I’ll probably go for another short ride today, because not even I am dim enough to run two days in a row unless something really big and ornery is chasing me. Like, say, Peter Sagan, who got knocked off his bike by a race vehicle today and decided to punch a couple of them. Hulk smash!

 

 

Boyz in the ‘hood

Chez Dog is looking pretty sharp despite a little rough treatment from the recent wet weather.
Chez Dog is looking pretty sharp despite a little rough treatment from the recent wet weather.

I took a little road trip back to Bibleburg this week.

The main goal was to check up on Chez Dog, which we rent through Airbnb. The back sidewalk has taken a pounding from the weather — as has just about everything else in town — and needs replacing. Likewise the garage requires some minor repairs and paint.

Dennis the Menace and Dr. Schenkenstein take the long view atop Bear Creek East, a once-active cyclo-cross venue.
Dennis the Menace and Dr. Schenkenstein take the long view atop Bear Creek East, a once-active cyclo-cross venue.

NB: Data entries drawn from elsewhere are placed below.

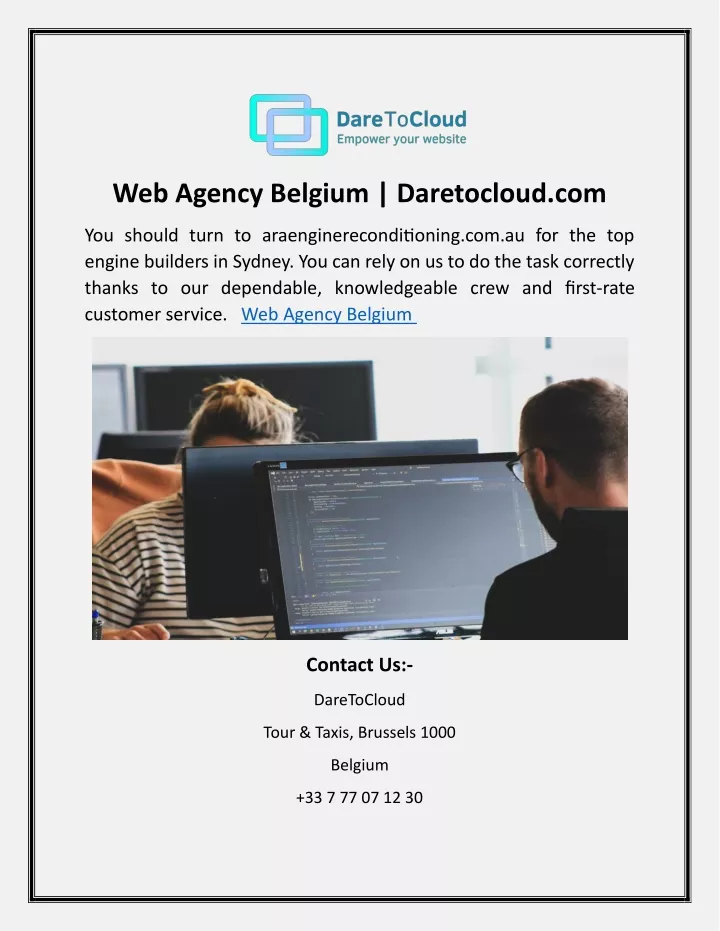 web agency belgium daretocloud com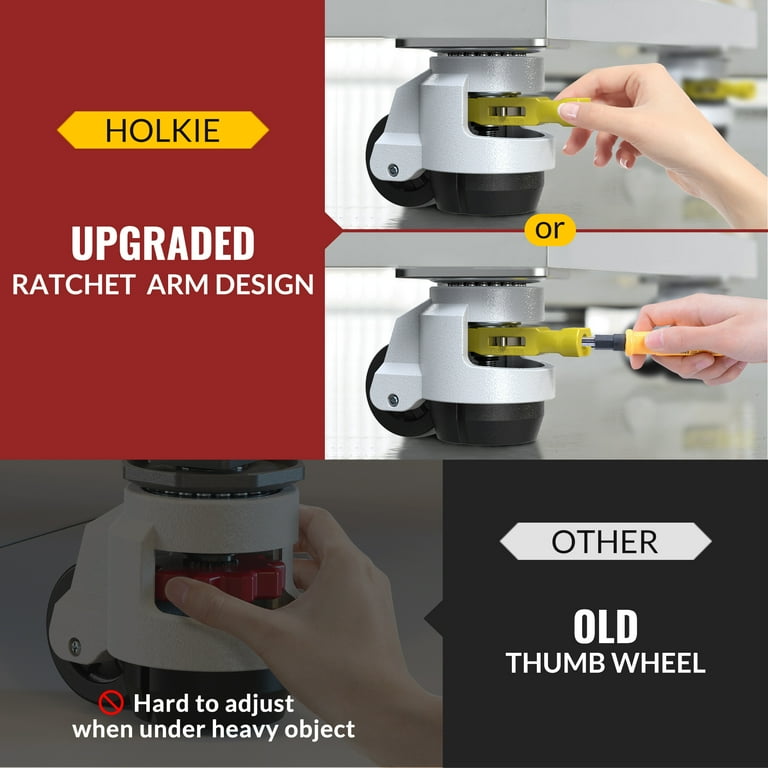 Heavy Duty Leveling Machine Casters Set Of 4 – 2200 Lb Capacity Retractable Wheels With Ratchet Arm For Workbenches & Equipment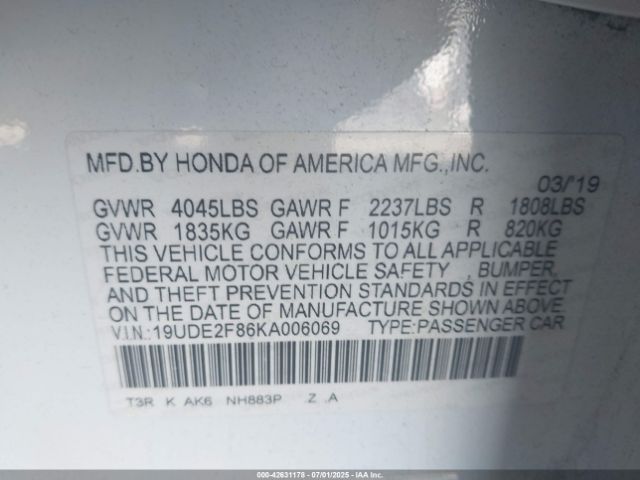 2019 ACURA ILX 19UDE2F86KA006069 Photo 8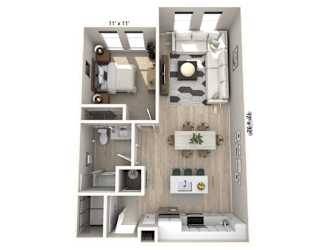 A16 - 1 Bedroom 1 Bathroom Floor plan | 795 Sq. Ft. at Ironwood Flats, Brandon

Whilst in the ‘Burg I checked in with a bunch of friends and neighbors: Ted and Diane, who help us with the Airbnb thing; Steve and Doris, who like Herself are Librarians Gone Wrong; Alley Mike, a disgruntled Comcast subscriber who was irked at being unable to watch the USA Pro Challenge (Corner Mike was at large and unavailable for comment); Judy, who rents The House Back East®; John Crandall, owner of Old Town Bike Shop; John O’Neill, who ramrods The Colorado Running Company (and whose Hebrew name is Usuk, pronounced “You suck”); and of course Dr. Schenkenstein and Dennis the Menace, with whom I enjoyed an invigorating ‘cross-bike ride through Bear Creek Regional Park, where Team Mad Dog Media-Dogs At Large Velo once ran cyclo-crosses back in the day.

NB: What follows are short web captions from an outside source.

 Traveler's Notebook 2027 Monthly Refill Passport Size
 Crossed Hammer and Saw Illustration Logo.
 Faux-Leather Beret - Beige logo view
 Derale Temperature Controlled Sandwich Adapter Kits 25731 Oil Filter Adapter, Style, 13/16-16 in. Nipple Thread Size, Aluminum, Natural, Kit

The old libertarian laboratory is in something of a state these days, with all the local John Galts pointing at each other and saying, “Hey, you don’t like it, you fix it, because freedom, Jeebus, and guns, etc.”

The latest wrinkle is a proposed increase in the sales tax, a typically regressive non-solution that will place the billion-dollar burden of repairing the local infrastructure squarely on the backs of Those People, the ones who already can’t afford bootstraps by which to hoist themselves up. Them, and the tourists, who of course are fair game everywhere. Slow elk, is what.

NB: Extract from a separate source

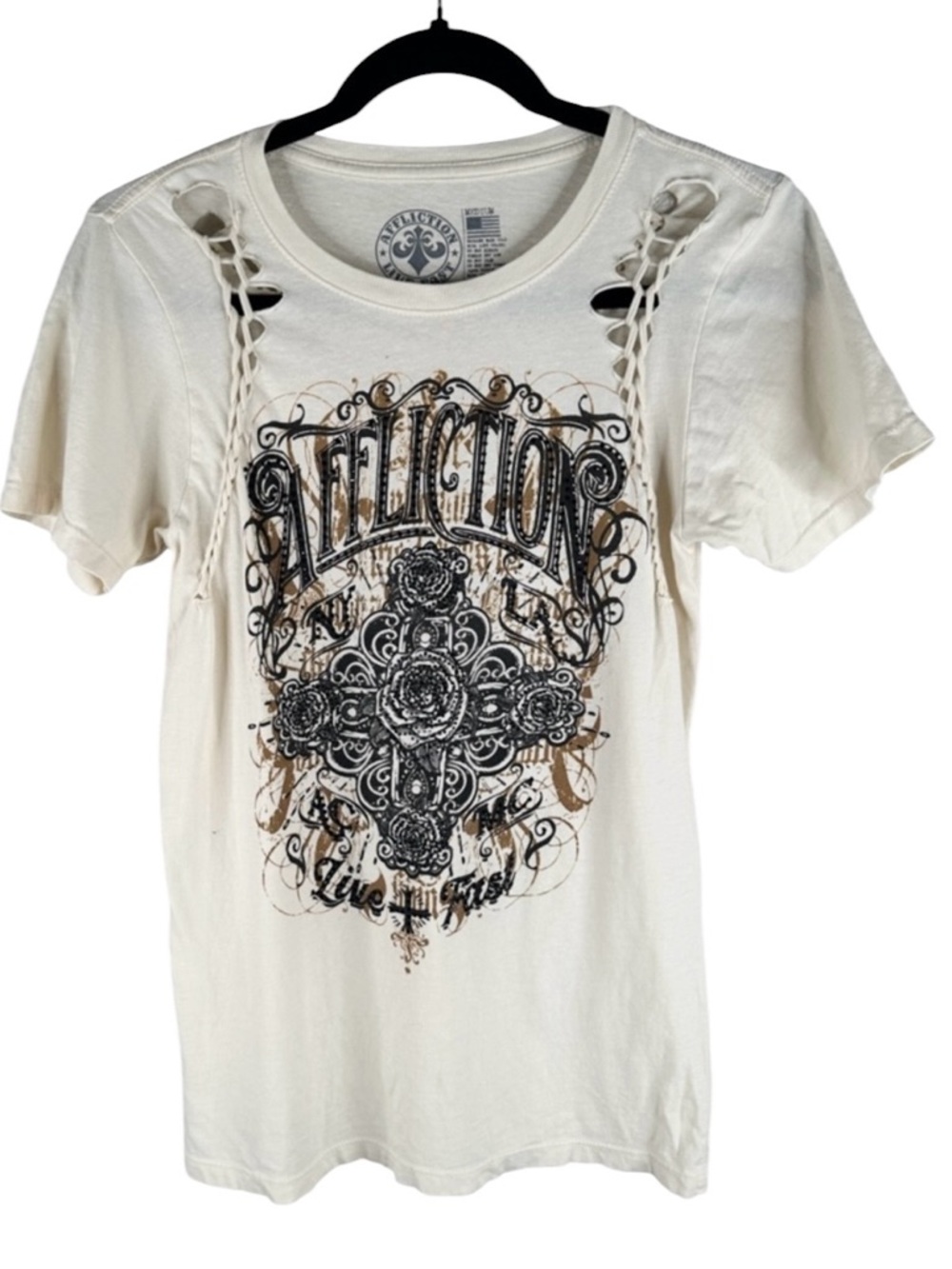 Affliction‎ Cream Y2K 90's Grunge Black Floral Beaded Short Sleeve Top Sz Medium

I always enjoy going back for a visit. Chez Dog is a nifty little place, and a guy who knows his way around can still have a pretty good time in Bibleburg. There’s The Blue Star, Tapateria, and of course Ivywild School, home to Bristol Brewing Co. And if someone manages to root up a billion smackeroos somewhere, why, the place may once again have roads and trails that can be navigated without the need to liberate a tracked vehicle from Fort Cartoon.

Until then, I’m content to remain an interested out-of-towner.